INTERVAL - A 10m³ space held for uncertainty
INTERVAL - A 10m³ space held for uncertainty
Maheer Ashab Ahon
Md. Shahriar Hossain Reyan
Md. Sadik Ahmmed Talha
Ahmed Laiva Omi
Bangladesh
Project Description
INTERVAL is a 10 cubic meter architectural unit designed for flood-prone landscapes where displacement is temporary but recurring. In many flood situations, people are not permanently displaced; instead, they experience periods of uncertainty — hours or days spent waiting for water levels to recede, assistance to arrive, or movement to resume. This project addresses that overlooked condition by giving spatial form to waiting.
The project is not a shelter, a house, or a permanent structure. It is a civic waiting room that appears only when the ground becomes unreliable. Each unit occupies a fixed volume of exactly 10 m³ and contains no beds, kitchens, or private rooms. Instead, the interior is defined by continuous seating, open edges, and outward-facing orientation. These spatial decisions deliberately prevent long-term occupation while supporting collective presence, observation, and short-duration refuge.
When floodwaters are absent, the unit remains inactive. It is stored and stacked on raised ground, withdrawing from everyday life and leaving no permanent mark on the landscape. As water levels rise, the unit is deployed and floats, supported by buoyant elements integrated within the same 10 m³ volume. This 10 cubic meter Waiting Room engages primarily with the Future Resilience lens by proposing a compact, floating micro-architecture that adapts to unstable flood-prone ground, using minimal material and volume to create a repeatable, climate-responsive pause space.
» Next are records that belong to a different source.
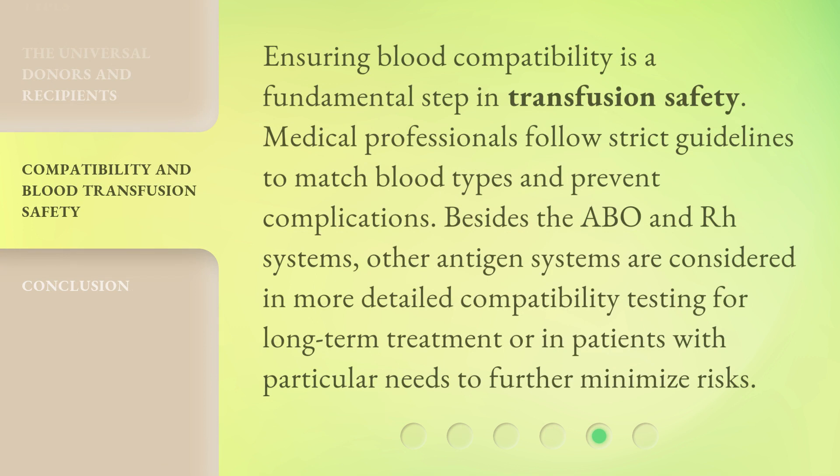Ensuring blood compatibility is a fundamental step in transfusion safety. Medical professionals follow strict guidelines to match blood types and prevent complications. Besides the ABO and Rh systems, other antigen systems are considered in more detailed compatibility testing for long-term treatment or in patients with particular needs, to further minimize risks.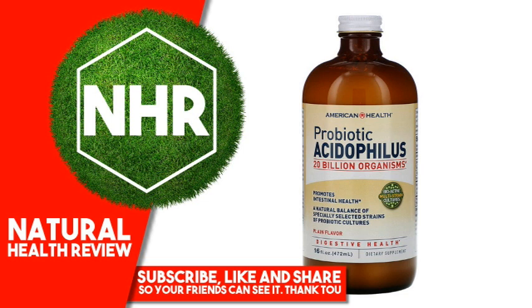Maintain your daily digestive health and optimal intestinal balance with liquid milk-based probiotic acidophilus. Acidophilus helps to stimulate the growth of beneficial bacteria in the digestive and intestinal tracts, encourages proper nutrient absorption, promotes overall immune health, and is an ideal way to naturally enhance our positive flora.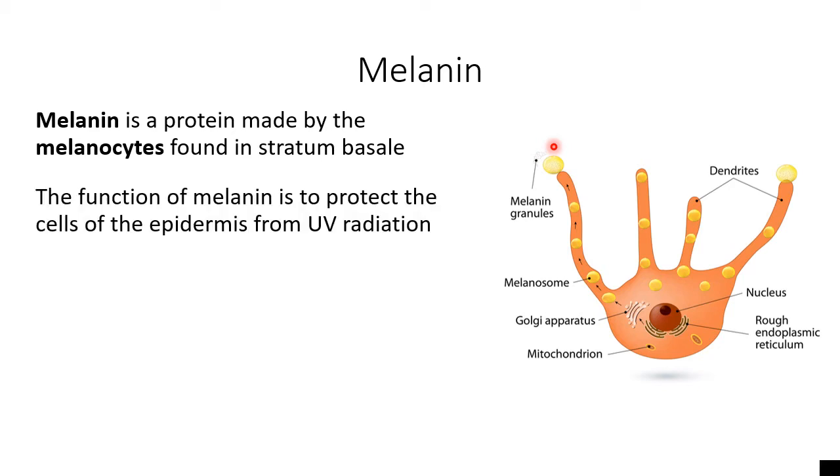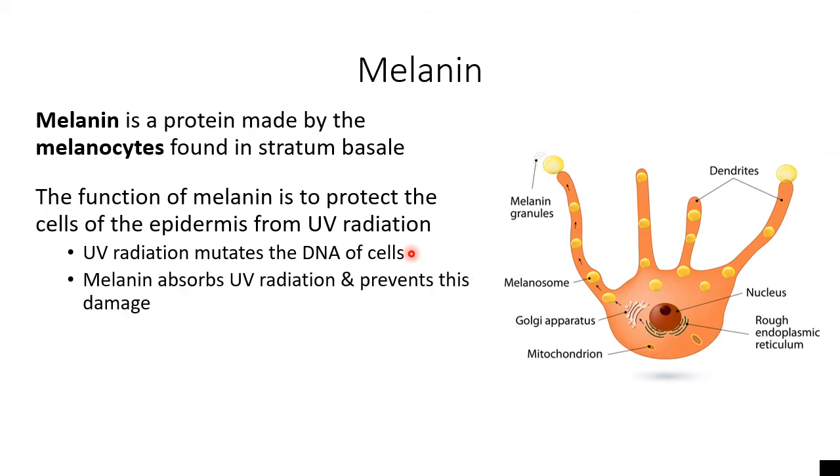Melanin is very important to your skin because it helps to protect you from UV radiation. UV radiation is what we hear about a lot coming from the sun. The reason your skin needs to be protected from UV radiation is because UV radiation has the ability to mutate your DNA — or in other words, change the sequence of your DNA. If we change your DNA sequence, that makes you more susceptible to developing cancer. So UV radiation is absorbed by the melanin protein, and by absorbing these UV rays, this prevents them from damaging the DNA of your cells.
The architecture reappears only during moments of uncertainty, reinforcing its role as a temporal rather than permanent intervention.
Multiple units can operate simultaneously through repetition, forming a loose civic field on water. This collective condition emerges without increasing volume or scale; each unit remains identical and independent. Together, they provide recognizable points for gathering, orientation, and assistance during floods, without encouraging settlement or dependency. The structure uses simple, locally available materials such as bamboo framing, woven panels, and modular flotation. Joints are reversible, allowing the unit to be assembled, deployed, retrieved, and stored with minimal infrastructure. The design prioritizes clarity, restraint, and adaptability over comfort or enclosure.
INTERVAL does not attempt to solve flooding or replace housing. Instead, it acknowledges the temporal gap between disruption and return. By focusing on that gap, the project re-frames resilience not as permanence, but as the ability to hold uncertainty with dignity, clarity, and collective presence.